Dataset excerpts:
[Start of Attachment]

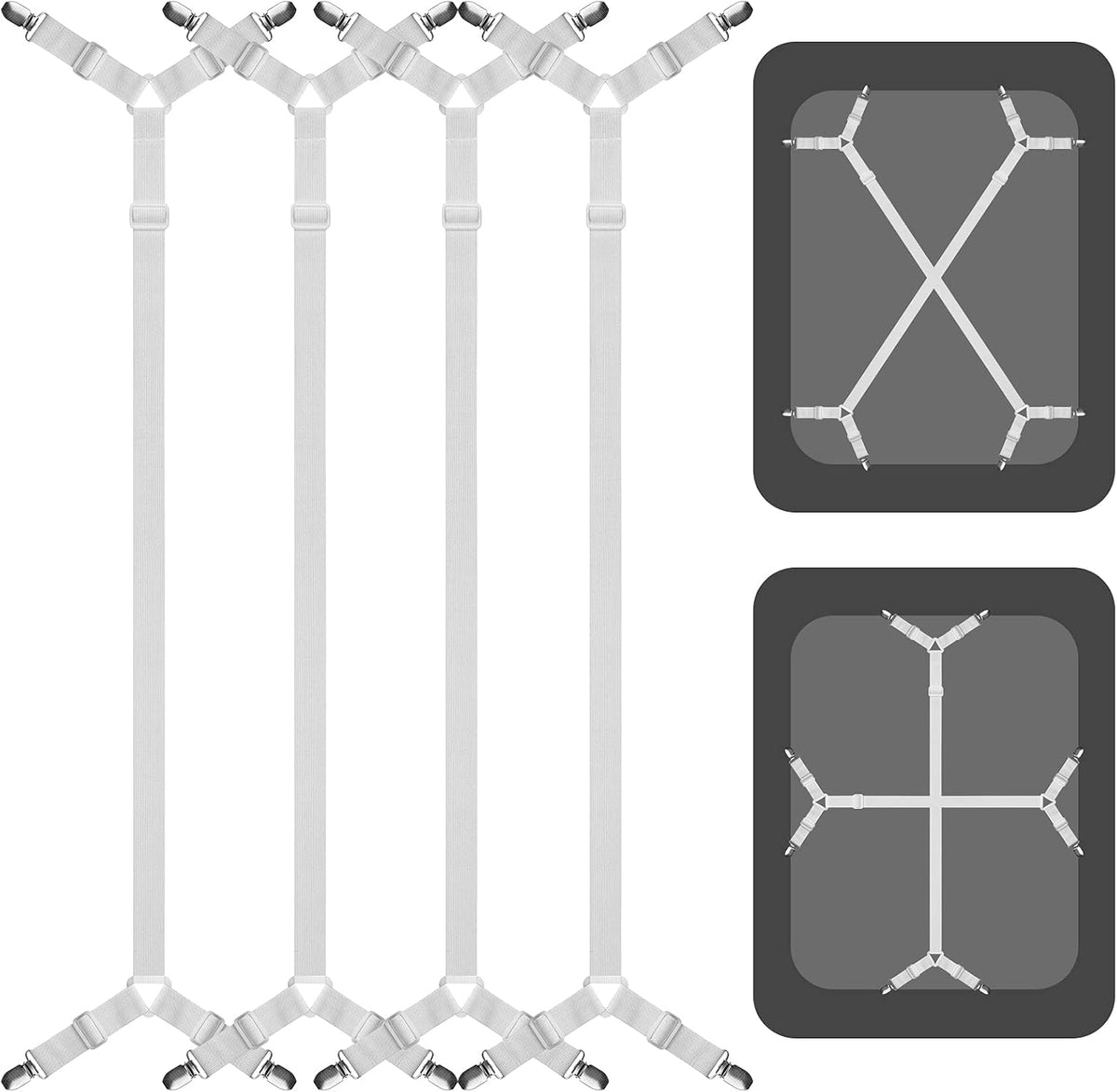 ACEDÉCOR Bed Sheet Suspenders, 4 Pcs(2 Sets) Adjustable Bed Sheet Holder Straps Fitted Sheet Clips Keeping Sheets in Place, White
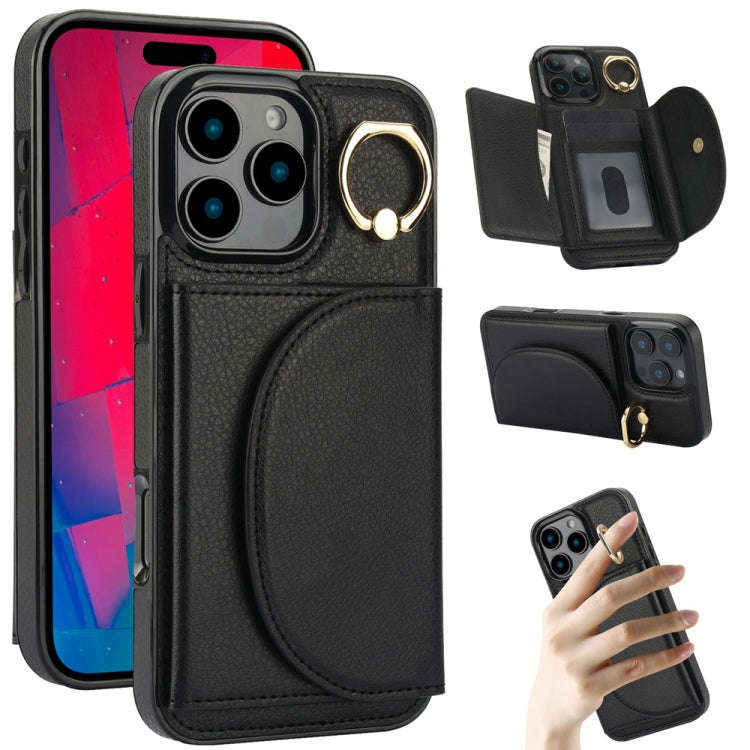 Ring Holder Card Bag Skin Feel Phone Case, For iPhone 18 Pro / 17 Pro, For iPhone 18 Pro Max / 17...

[End of Attachment]
[Start of Attachment]

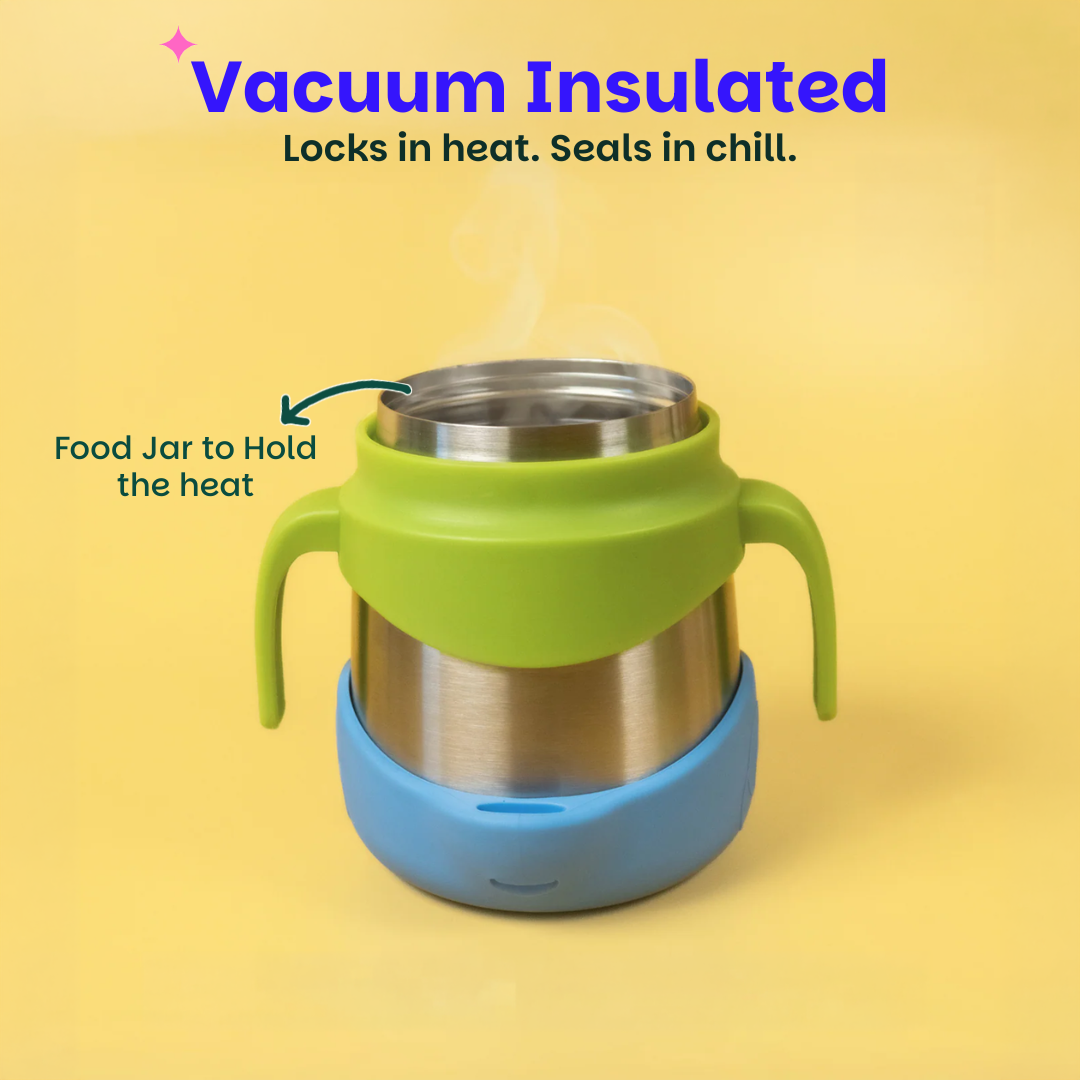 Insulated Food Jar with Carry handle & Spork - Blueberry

[End of Attachment]

Your goal:
Lines wanted from the entries above: the one with "ACEDÉCOR Bed Sheet", the one with "Ring Holder Card", and all lines between. Please copy them exactly, without the pictures and without anything else.

Written answer:
 ACEDÉCOR Bed Sheet Suspenders, 4 Pcs(2 Sets) Adjustable Bed Sheet Holder Straps Fitted Sheet Clips Keeping Sheets in Place, White
 Ring Holder Card Bag Skin Feel Phone Case, For iPhone 18 Pro / 17 Pro, For iPhone 18 Pro Max / 17...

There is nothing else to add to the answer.